== Information given ==
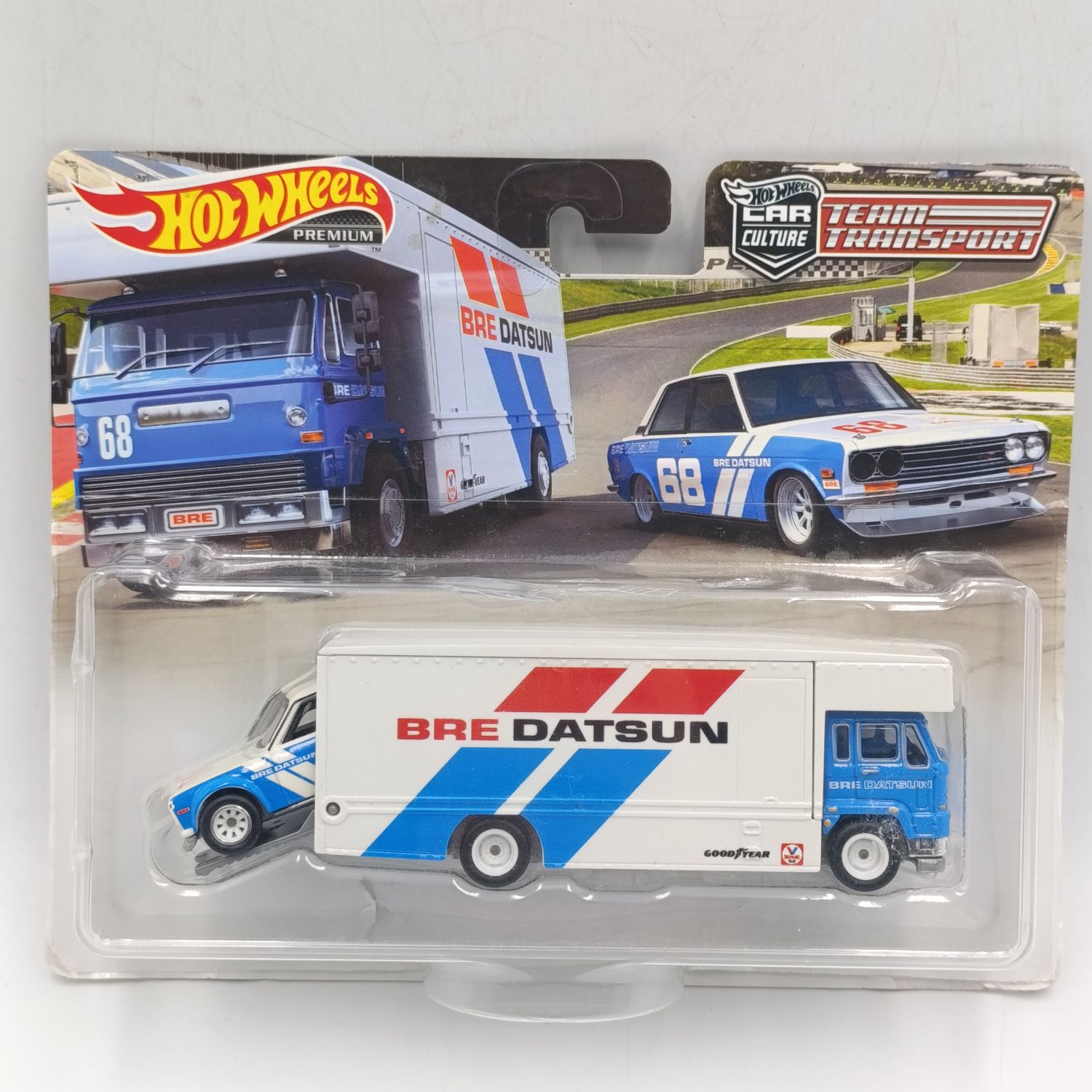 Hot Wheels Premium BRE Datsun Fleet Flyer truck with 1971 Datsun 510 - pack is open
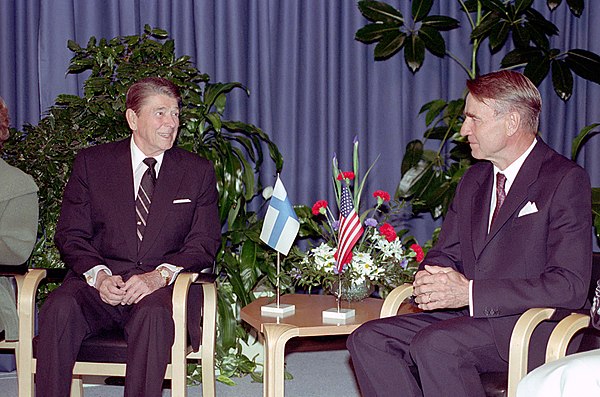 Mauno Koivisto with President Ronald Reagan during a trip to Finland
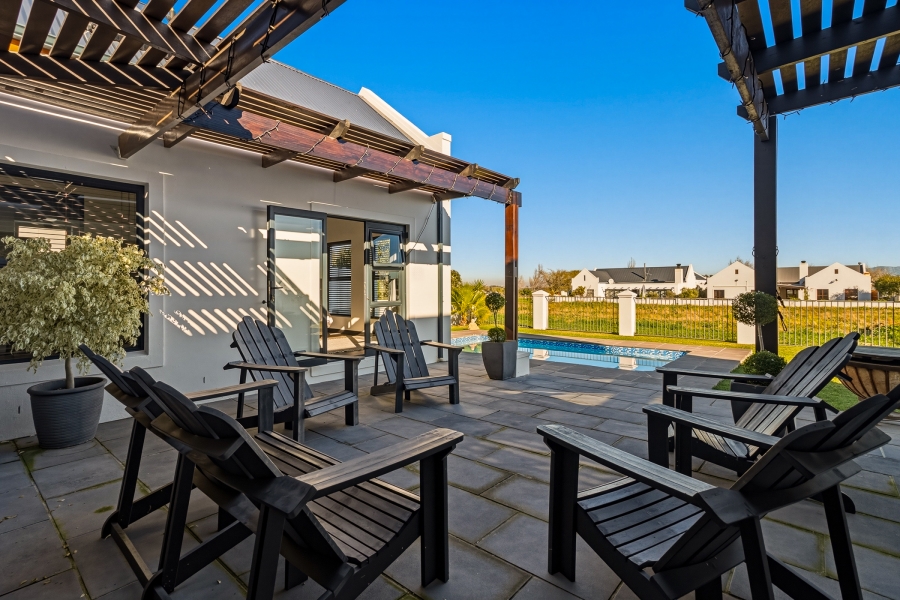 4 Bedroom Property for Sale in Croydon Vineyard Estate Western Cape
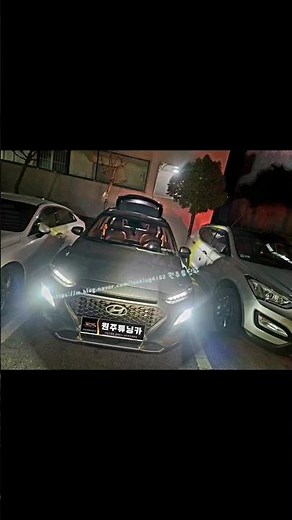 코나 폴대 안테나 부러짐 으로 순정샤크 안테나 교체 시공 순정부품사용으로 더욱 안전하고 완벽한 호환 차량 바디동일 색상으로 진행합니다. 010 9186 8272 원주 튜닝카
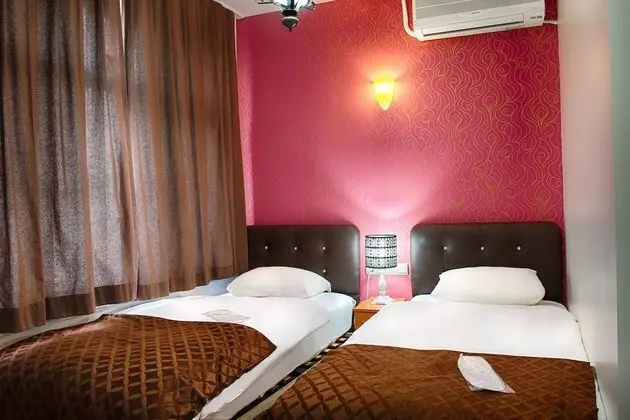Economy Twin Room, City View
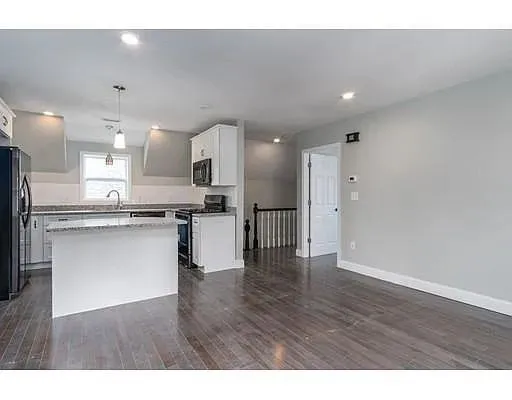 $2,400 | 17 Tower Street, Unit 2, Lynn, MA 01905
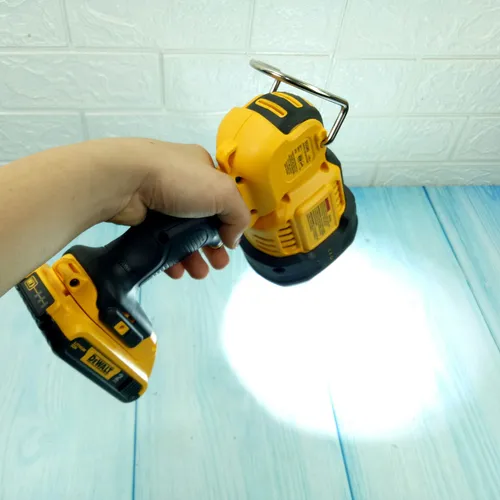 Đèn pin Dewalt DCL043 ( hàng USA )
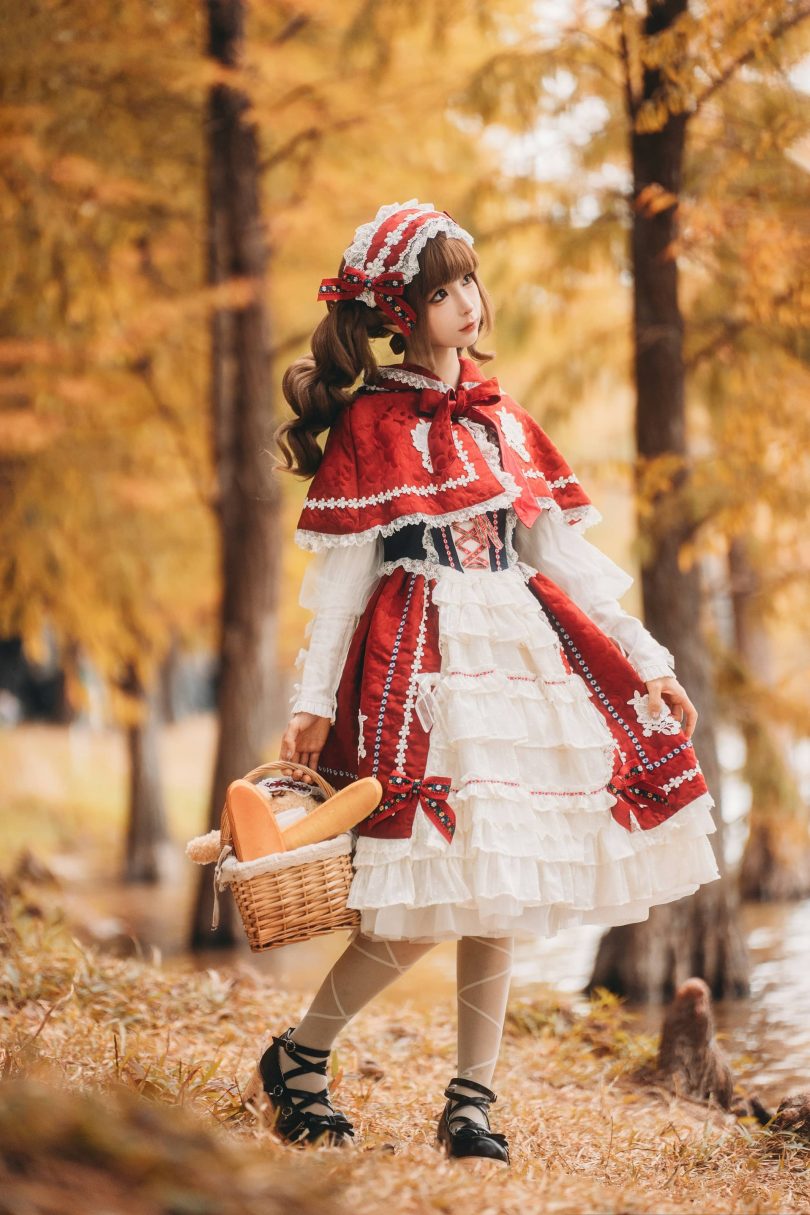 蠢沫沫小红帽COSPLAY：蠢沫沫演绎经典童话的独特魅力(蠢沫沫原名)插图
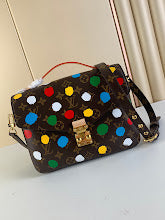 Luxury Signature Top Handle Bag - Elegant Women's Designer Handbag - NM4643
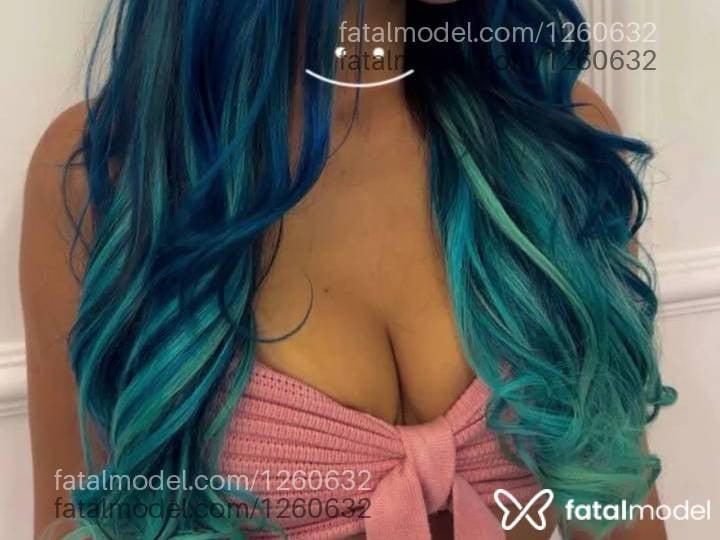Acompanhante mulher com cabelo colorido de olhos castanhos em Paranavaí - Tati Paranaense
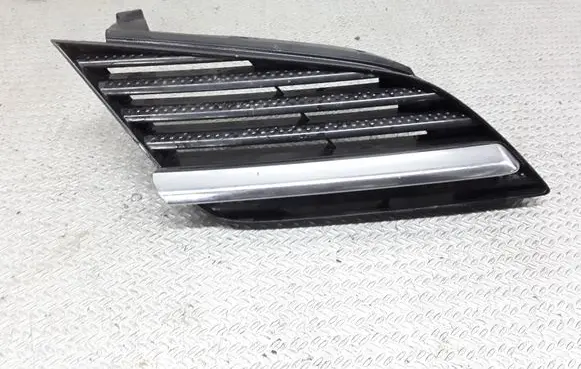 Nissan Primera Front bumper upper radiator grill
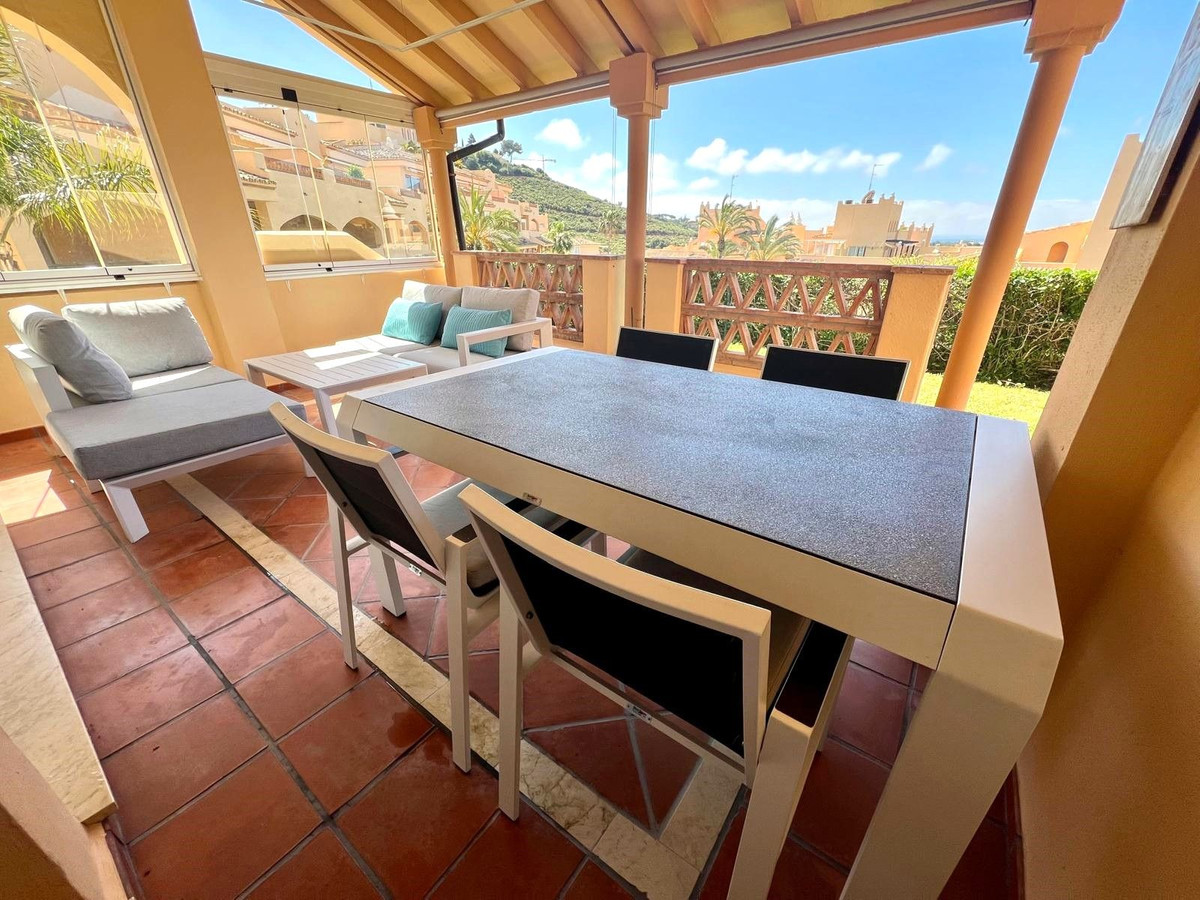 Piso de 2 Dormitorios y 2 Baños en venta en Elviria, Marbella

== Work order ==
Print every line of the material exactly as written, but drop the pictures.

== Exercise solution ==
 Hot Wheels Premium BRE Datsun Fleet Flyer truck with 1971 Datsun 510 - pack is open
 Mauno Koivisto with President Ronald Reagan during a trip to Finland
 4 Bedroom Property for Sale in Croydon Vineyard Estate Western Cape
 코나 폴대 안테나 부러짐 으로 순정샤크 안테나 교체 시공 순정부품사용으로 더욱 안전하고 완벽한 호환 차량 바디동일 색상으로 진행합니다. 010 9186 8272 원주 튜닝카
Economy Twin Room, City View
 $2,400 | 17 Tower Street, Unit 2, Lynn, MA 01905
 Đèn pin Dewalt DCL043 ( hàng USA )
 蠢沫沫小红帽COSPLAY：蠢沫沫演绎经典童话的独特魅力(蠢沫沫原名)插图
 Luxury Signature Top Handle Bag - Elegant Women's Designer Handbag - NM4643
Acompanhante mulher com cabelo colorido de olhos castanhos em Paranavaí - Tati Paranaense
 Nissan Primera Front bumper upper radiator grill
 Piso de 2 Dormitorios y 2 Baños en venta en Elviria, Marbella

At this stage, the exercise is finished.